Skyscraper elevators

The first elevators that were provided to skyscrapers and designated for the public from the beginning of the nineteenth century to the twentieth century, allowed ascent only to the upper floors, while the descent remained limited to stairs only. Architects often allocate a place for elevators near the stairs. In many cases, the stairs were wrapped around a shaft intended for elevators in a spiral shape with a metal spacer for protection.

In the first third of the twentieth century, the elevators of large and grandiose hotels were decorated like the luxury trains of their time. The windows, doors of the room, and the cage bore gilded latticework in pure gold from the middle of the twentieth century and increasingly severe restrictions were placed on the urban law, by providing buildings with elevators, so the use of elevators became a common mechanism.

Engineering, dimensions and construction of elevators

Provides safe transportation for people daily The number of movements per person is estimated at one billion movements, two million installed monitoring devices to warn of any malfunction, and elevators are often connected to a remote control center. Users can use the phone in the room for the control center of the computer network stores some of the information it receives the device’s sensor for the elevator system, and the rest is stored locally in the electronic control device.

The local control center for elevators in skyscrapers is equipped to record all daily movements. This is  to provide a lift to everyone who requests it and avoid delays that users feel. The mobile system allows a good flow of the movement of the vehicles, and the study of the recordings of the movement of the previous days enables the system to anticipate the movement now and in the future. There is a control of the paths to regulate the movement.

Electric elevators

The current consists of an electric motor with a cable and a room counterweight. The normal maintenance of the elevator is to re-tension the cables and check the integrity of the protection systems and their sensors. The spread of elevators has increased with the arrival of electricity.

Hydraulic lifts

The hydraulic lifts is a piston system, through which it can move a cabin that moves only a few floors or move a system of rollers through which a cable passes that carries the cabin.

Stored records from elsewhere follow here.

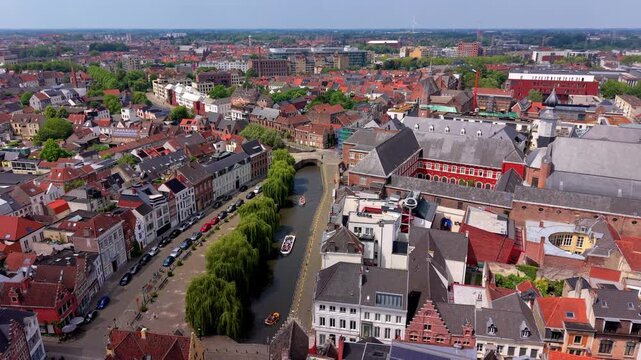 Aerial wide angle panoramic view over a scenic city river canal with tourist tour boats traditional architecture red tiled roofs and a row of green trees under a summer horizon sky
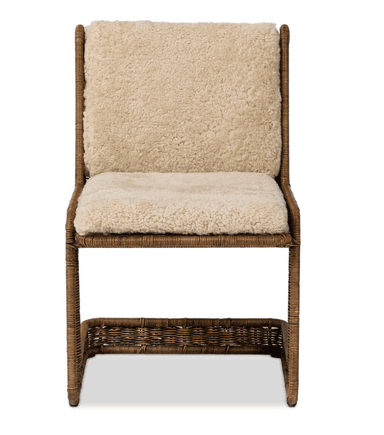 A chair with a rattan or wicker frame and upholstered seat and backrest with a sheepskin or faux sheepskin material. The frame has a woven texture. It features a low shelf or footrest integrated into the base, also constructed from woven material. — 3D model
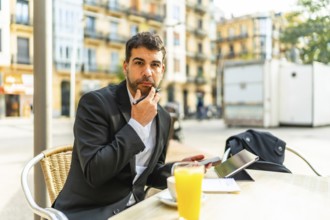 Thoughtful businessman gesturing hand on chin while working using mobile phone and digital tablet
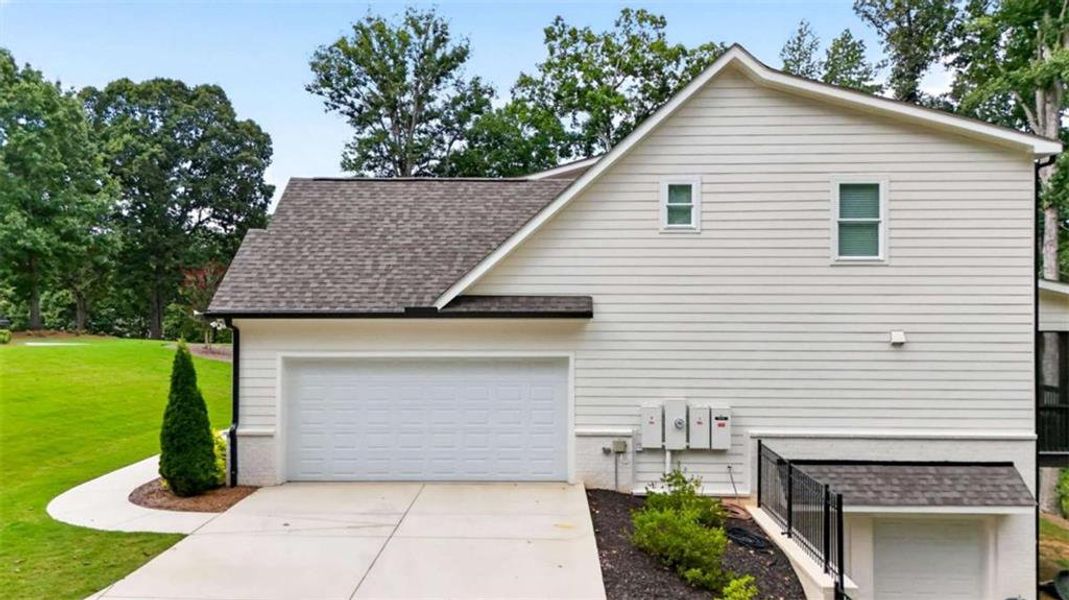 Front exterior of a new home in , Hoschton, GA, highlighting curb appeal (Image 29).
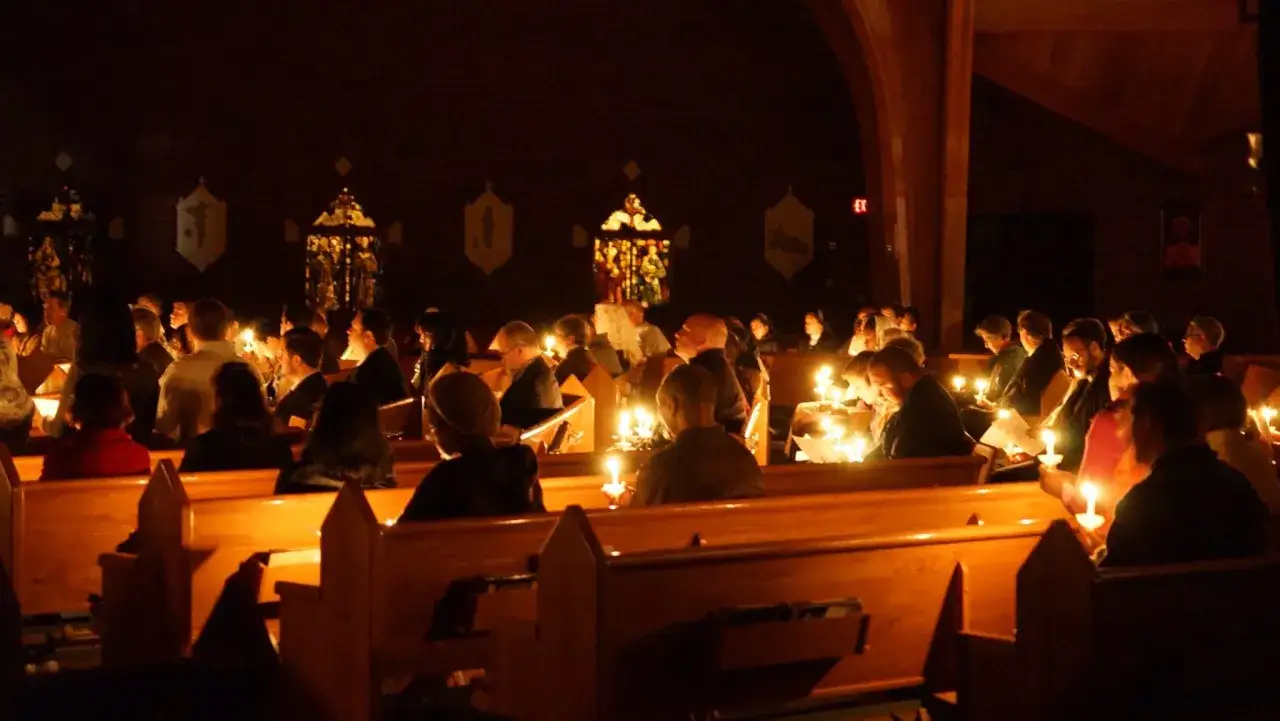 Ludzie siedzą w kościele przy świecach, gdy kończą się roraty.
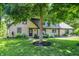 Stunning two-story stone house with well-manicured landscaping and mature trees at 8924 Stormhaven Ct, Indianapolis, IN 46256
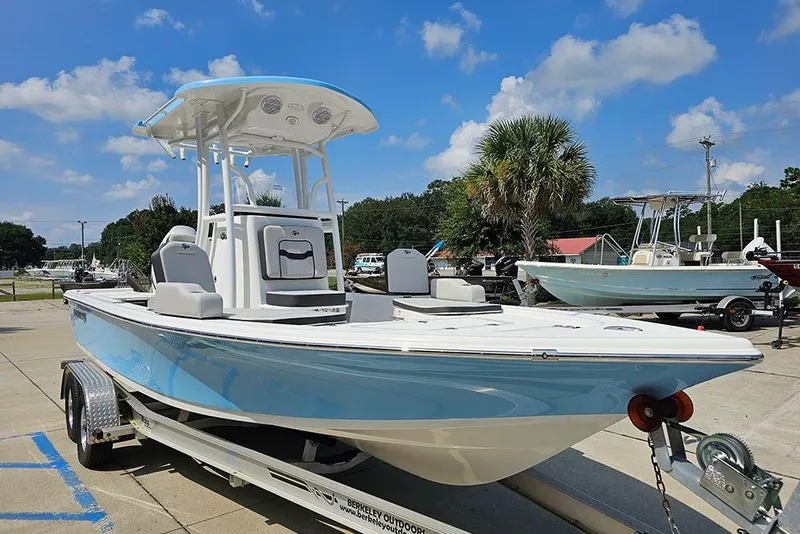 Slide: The Image of 2026 Sea Pro 230 Bay boat on trailer, under clear blue sky. - 4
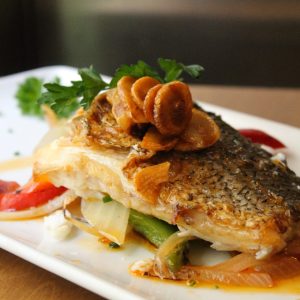 Merluza sobre verduras salteadas con refrito de ajo y pimentón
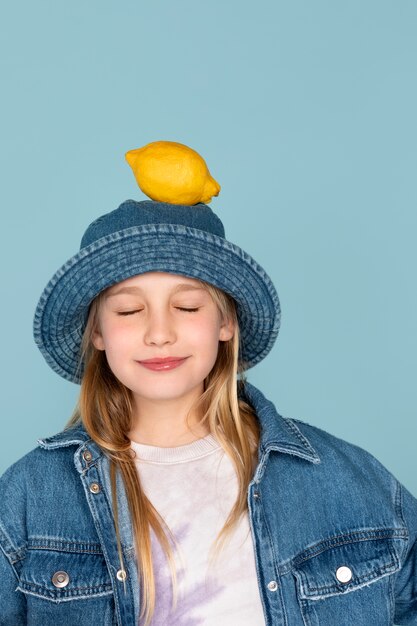 Ritratto di ragazza che tiene un limone sulla testa
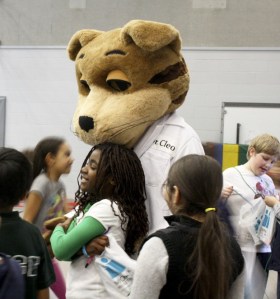 Precious Karbraid gets a hug from mascot Dr. Cleo of Molina Healthcare.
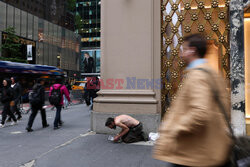 A homeless man begs for money as a woman takes a selfie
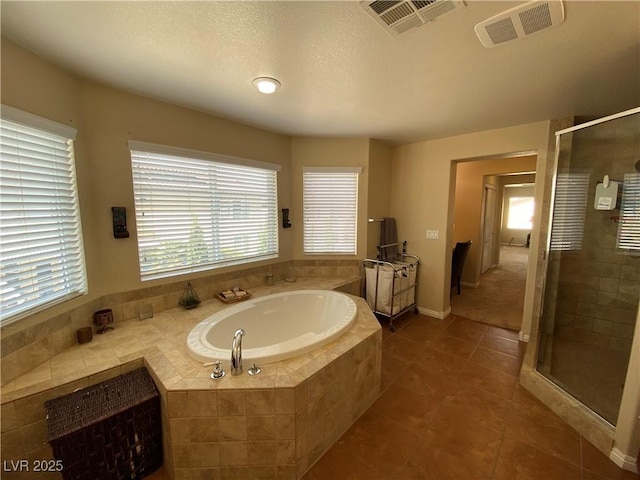 bathroom featuring tile patterned floors, shower with separate bathtub, and a textured ceiling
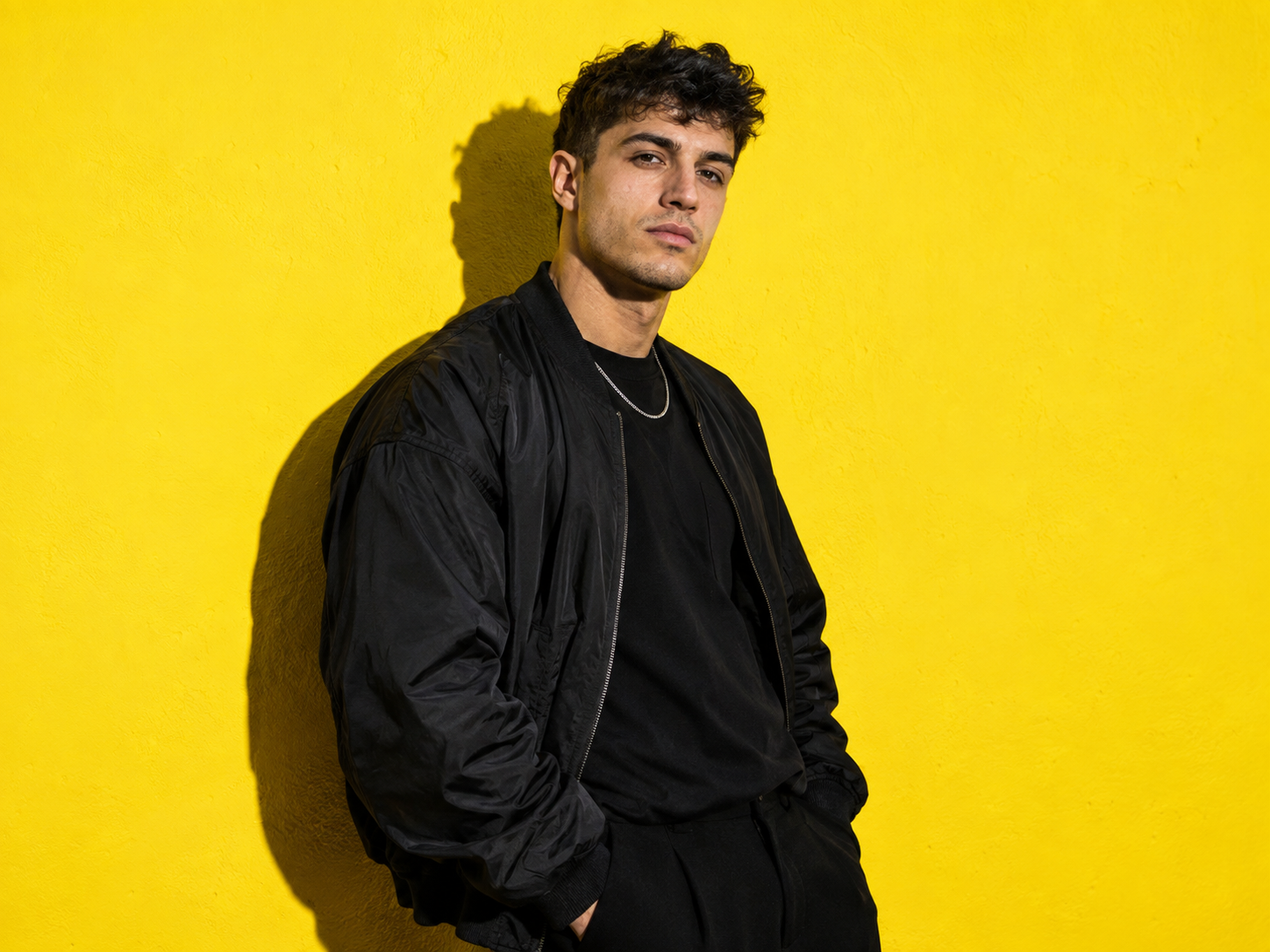 Jongen in zwarte streetwear tegen een gele achtergrond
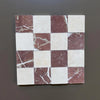 Checkerboard pattern of Red Alicante and Crema Marfil marble tiles in 4x4 tumbled finish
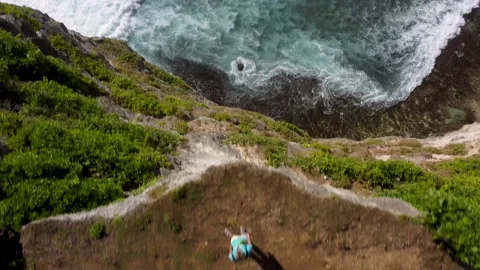 Drone fly over man stays on clifftop above ocean Stock Footage 154226598
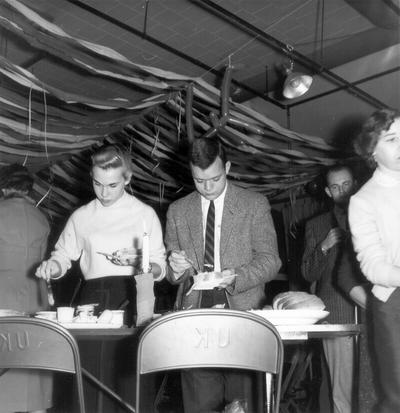 Students preparing sandwiches at a party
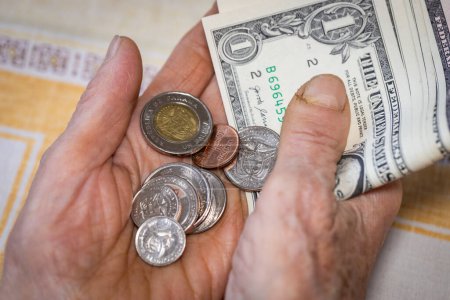 Panama, Hands of an old person who is holding a handful of Balboa coins and several one dollar bills, Economic concept, Financial problems of retirees and elderly people in Panama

The first hydraulic lifts were very slow, and on each floor level, there was a “return” button (because almost every request from two was  received the ground floor)  to reduce the waiting time for the next user. It also required a column with a depth equal to the maximum height. Double column systems allowed to reduce the depth of the column in half, but the slow hydraulic system and the high cost of drilling were the reason for leaving the use of this system, especially the spread of electric motors.

The engine of modern elevators is controlled by Drive (VVVF), which controls the tension of the electrical supply in proportion to the torque required to move with acceleration or deceleration, to remain imperceptible to the occupant of the cabin (accelerating the speed of the elevators increases the person’s sense of weight: weight increases or decreases by 10 % Approximately).

Seconds (33 km/h) between 50 and 110 floors (Chicago, Toronto and Q1 Tower, Melbourne).

How about the maximum speed

The maximum speed is 17 or 18 meters per second, or 60 km / h, for the elevators of the tallest towers, such as: – Taipei 101 in Taipei or Burj Khalifa in Dubai. But in these cases, the cabin must provide adequate pressure because beyond 11 m/s there are health risks.

The acceleration needed to reach the speed of modern elevators is often constant and measured around +/- 1 meter per second squared (1 m/s²), or +/- 0.1 G. (gravity).